# Clx3.0



## creekchub (Feb 7, 2009)

Anyone know anything about the new CLX3.0? release date?


----------



## Guest (Jul 25, 2011)

Interesting! I did a google search, this pdf file came up on the Colnago site http://www.colnago.com/wp-content/files_mf/1308938150CLX3.pdf


----------



## Guest (Jul 25, 2011)

Silly me! I didn't know that it is already published on their website.


----------



## gus6464 (Jun 12, 2011)

The local LBS that carries Colnago said they are getting it by the end of August.
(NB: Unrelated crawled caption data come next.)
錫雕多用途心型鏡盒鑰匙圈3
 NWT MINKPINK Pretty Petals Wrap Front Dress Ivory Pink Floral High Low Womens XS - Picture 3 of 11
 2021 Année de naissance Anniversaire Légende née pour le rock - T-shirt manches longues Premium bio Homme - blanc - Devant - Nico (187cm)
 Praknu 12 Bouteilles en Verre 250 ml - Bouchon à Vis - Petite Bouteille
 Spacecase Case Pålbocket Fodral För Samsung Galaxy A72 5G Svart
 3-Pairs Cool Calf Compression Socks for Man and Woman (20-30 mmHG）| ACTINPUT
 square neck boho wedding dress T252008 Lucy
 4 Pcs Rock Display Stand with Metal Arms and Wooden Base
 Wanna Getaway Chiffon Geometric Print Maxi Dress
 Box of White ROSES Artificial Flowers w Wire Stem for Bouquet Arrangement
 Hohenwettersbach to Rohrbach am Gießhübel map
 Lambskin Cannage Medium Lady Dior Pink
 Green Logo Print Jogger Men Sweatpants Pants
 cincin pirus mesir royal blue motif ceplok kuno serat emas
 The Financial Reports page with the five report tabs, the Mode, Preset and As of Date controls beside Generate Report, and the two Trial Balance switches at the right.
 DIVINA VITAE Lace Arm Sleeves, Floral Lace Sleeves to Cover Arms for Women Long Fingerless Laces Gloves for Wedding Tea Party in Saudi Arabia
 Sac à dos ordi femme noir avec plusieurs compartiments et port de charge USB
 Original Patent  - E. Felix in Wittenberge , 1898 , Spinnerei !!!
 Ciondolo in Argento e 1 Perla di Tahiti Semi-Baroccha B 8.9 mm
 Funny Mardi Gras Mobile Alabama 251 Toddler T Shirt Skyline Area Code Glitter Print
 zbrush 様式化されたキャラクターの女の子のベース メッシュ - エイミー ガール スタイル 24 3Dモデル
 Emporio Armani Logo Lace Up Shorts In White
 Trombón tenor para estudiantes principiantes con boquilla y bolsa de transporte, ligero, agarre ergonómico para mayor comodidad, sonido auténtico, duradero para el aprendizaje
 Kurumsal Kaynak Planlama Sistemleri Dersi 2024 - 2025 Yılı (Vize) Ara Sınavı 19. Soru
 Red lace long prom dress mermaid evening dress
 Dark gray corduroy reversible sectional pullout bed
The black and yellow is gorgeous and I think it might be my next bike.


----------



## sega355 (Jul 27, 2011)

can it be order with campy group set?


----------



## shokhead (Dec 17, 2002)

Have you guys been on one to ride it?


----------



## creekchub (Feb 7, 2009)

shokhead said:


> Have you guys been on one to ride it?


It's a new frame for 2012... My LBS tells me they can't place orders till the 1st of August... I'd be surprised if someone rode one already.


----------



## shokhead (Dec 17, 2002)

Well a couple of the guys make it sound like A, I like the color so it might be my next bike and B, can it be order with campy like he is ready today. That's what I meant.


----------